March 26, 2012

Conab Conducts First Corn Sale to Farmers in Rio Grande do Sul

Author: Michael Cordonnier/Soybean & Corn Advisor, Inc.

After waiting for more than three months, Conab is now starting to sell government held stocks of corn to livestock producers in Rio Grande do Sul who have been hard hit by the drought of 2011/12. As soon as it became apparent in November and December that the corn crop in the state would be significantly impacted by the severe drought, farm organizations in the state petitioned the federal government to start releasing government held stocks of corn in the state.

At the first of what is expected to be several sales, qualifying farmers may buy up to six tons of corn in six different cities in the state including: Erechim, Estrela, Garibaldi, Marau, Passo Fundo, and Santa Rosa. A sack of 60 kilograms of corn that normally would sell for R$ 27.00 per sack (approximately US$ 6.80 per bushel) can be purchased by the farmers for R$ 21.00 per sack (approximately US$ 5.30 per bushel).

According to the director of Conab in the state of Rio Grande do Sul, there are currently 14,000 tons of government corn stocks in their warehouse and 7,000 tons will be made available in this first sale. One hundred and thirty thousand tons are expected to be in their warehouses by the end of the week, and after it arrives, another 80,000 tons will be sold in future installments.

Small family farmers with livestock operations are disappointed at the price and the small volume that has been made available. The price of R$ 21.00 per sack is R$ 2.00 per sack higher than what was originally indicated. They are also disappointed that only six cities were designated for the sale. Many of the farmers live a significant distance from a designated city and it could take up to 30 days to get the corn transferred to a nearby co-op or grain elevator where it can then be delivered to their livestock operation.

Conab officials cite a lack of storage space in certified warehouses for the limited number of cities designated for the sale.

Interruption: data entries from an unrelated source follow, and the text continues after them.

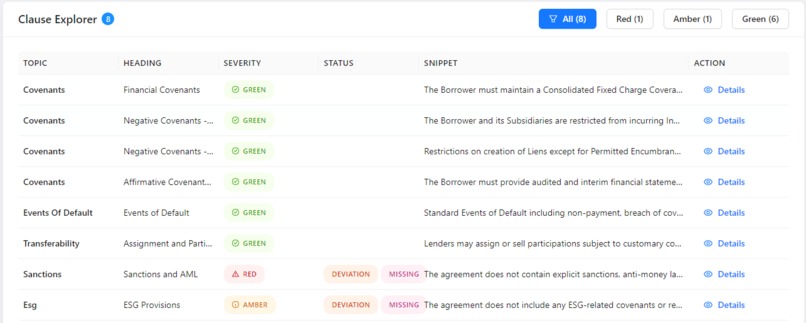 SmartDocs – AI Loan Document Analyzer – screenshot 3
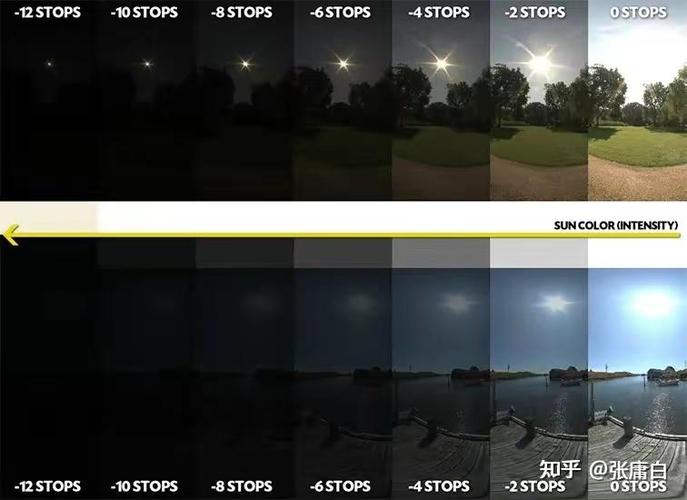 手机拍摄时hdr是什么意思图1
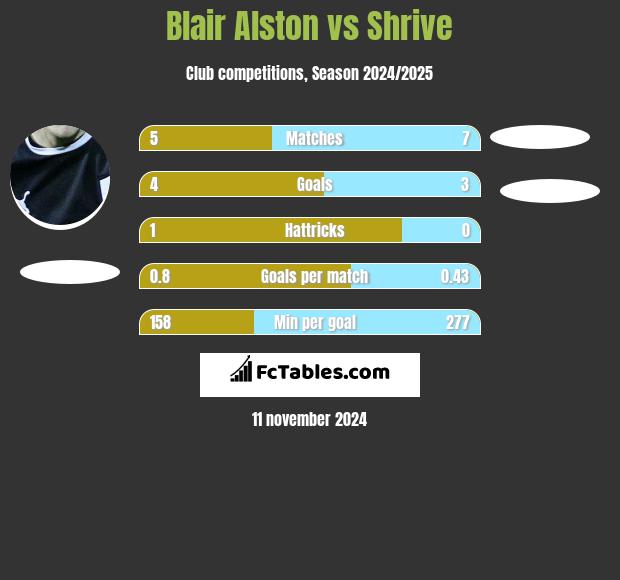 Blair Alston vs Shrive h2h player stats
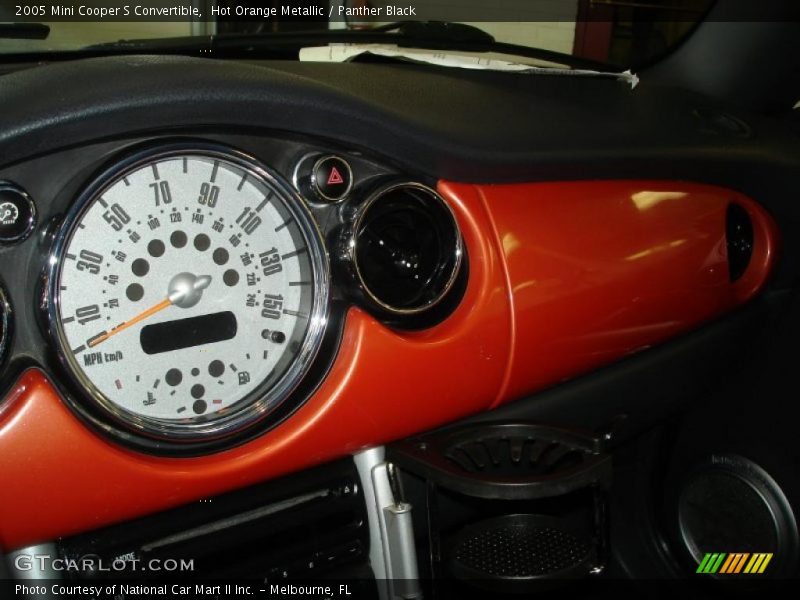 Hot Orange Metallic / Panther Black 2005 Mini Cooper S Convertible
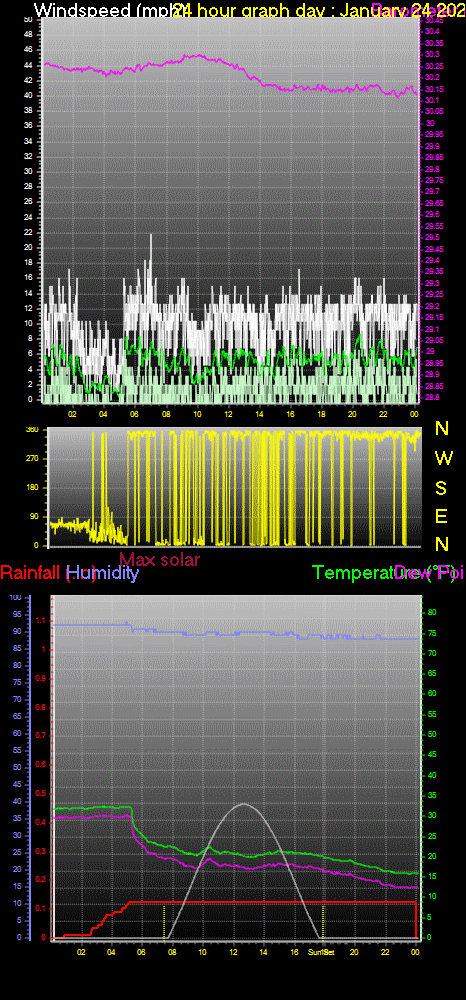 24 Hour Graph for Day 24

The small amount of corn being sold by the government can only partially meet the increased demand for corn in the state. Even in good years, the state cannot produce enough corn to meet the domestic demand. With corn production in the state down as much as 40% to 50% due to the severe drought, livestock producers will be forced to import corn from other parts of Brazil at very high transportation costs.